Folks, this ratchets things up to an entire new level because contempt of Congress is a criminal violation which can, and in some cases has, led to both fines of as high as $10,000 and prison terms as long as 6 months, plus 5 years probation (in the case of former EPA Offical Rita Lavelle who was convicted of Perjury in 2004)
More from Conyers.
"The House and Senate judiciary committees have issued subpoenas to the White House for documents and testimony," said Conyers. "We’re still hopeful they may cooperate. But it’s still possible that enforcement action may be taken."
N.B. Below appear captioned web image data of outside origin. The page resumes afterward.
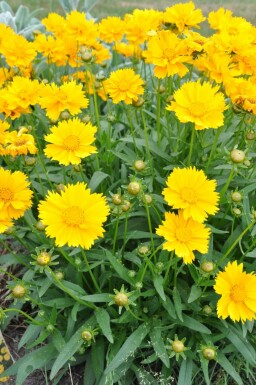 Mädchenauge Coreopsis grandiflora 'Sunray' 5-10 Topf 9x9 cm (P9)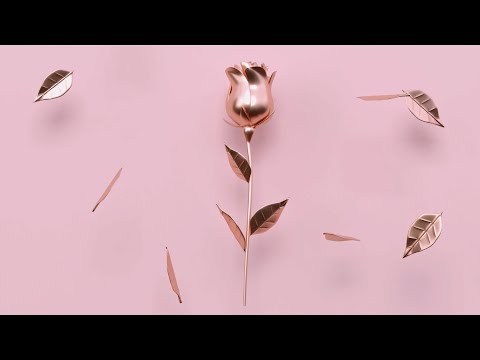 Kaitlyn Raitz - Thaw and Hum [Lollies Remix] (Visualizer)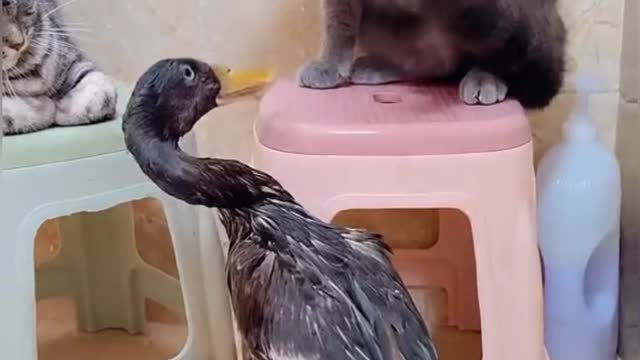 Funny Cat and Duck Fight Video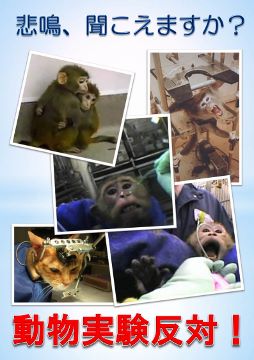 パネル 動物実験5枚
"We want to know where the lines go from the DoJ to the White House," he said. "That’s where these bread crumbs keep leading us and then they get lost in the snow or something."
Right now the specific targets of the Contempt Charges would include White House Chief of Staff Josh Bolton, whom the subpoenas have been directed to, as well as former White House Counsel Harriet Miers and former White House political director - and Karl Rove Deputy - Sara "Cummins was Lazy" Taylor.
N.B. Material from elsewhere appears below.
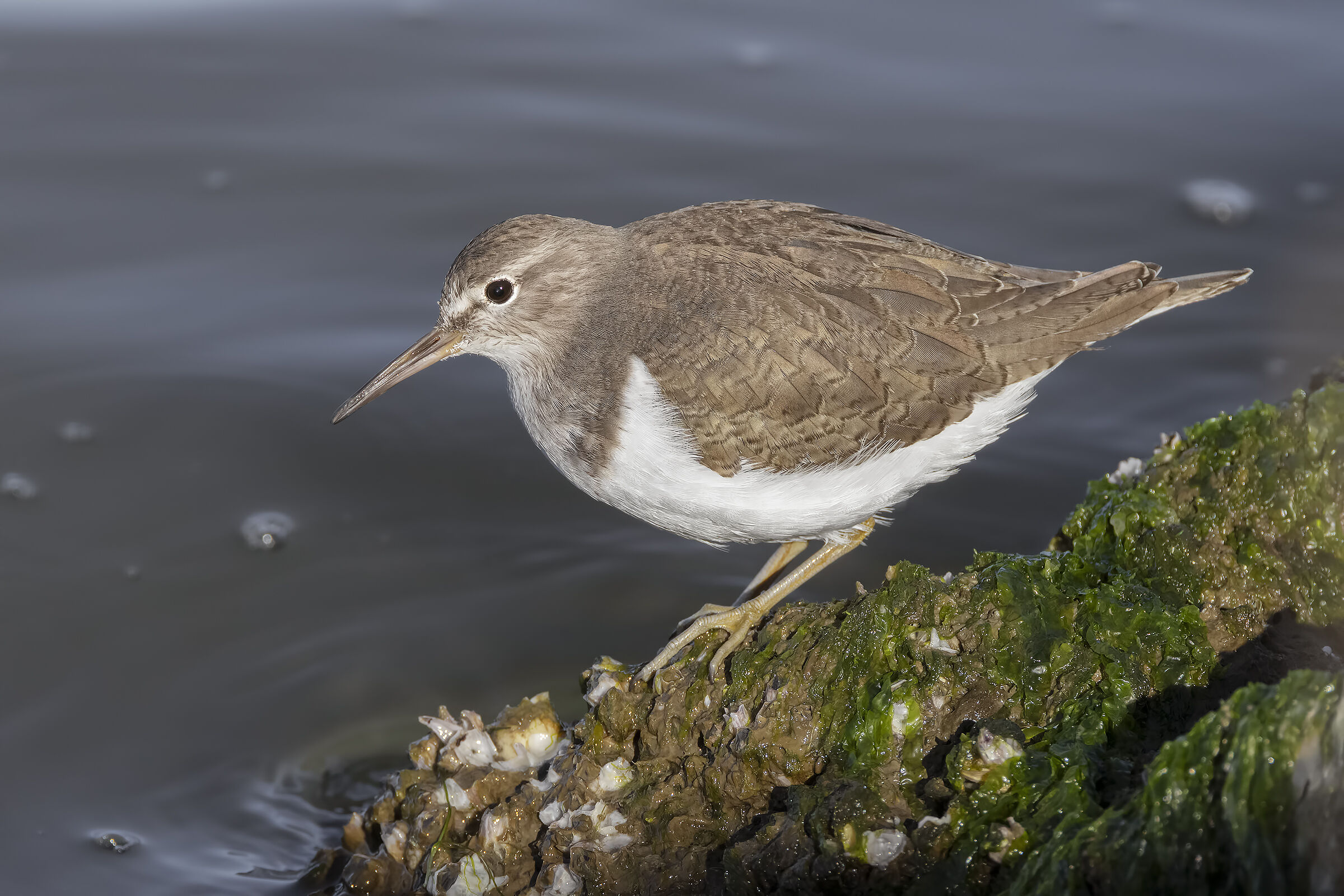 Piccolo Sandpiper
Although Taylor has accepted her subpoena and agreed to testify just why would Conyers want additional White House documents? Well, maybe because of what Kyle Sampson told them behind closed doors according to Karen Tumulty at Time.
In private testimony that is being released this afternoon by the commitee, Alberto Gonzales’s former Chief of Staff Kyle Sampson told investigators that Gonzales himself initially resisted the idea of bypassing the Senators from Arkansas to install Karl Rove protege Tim Griffin as U.S. Attorney for the Eastern District of Arkansas. Pressure to do it, he suggested, was coming from officials at the White House–specifically, White House political director Sara Taylor, her deputy Scott Jennings and Chris Oprison, the associate White House counsel. Sampson described himself and Goodling as "open to the idea," which is not the same as instigating it.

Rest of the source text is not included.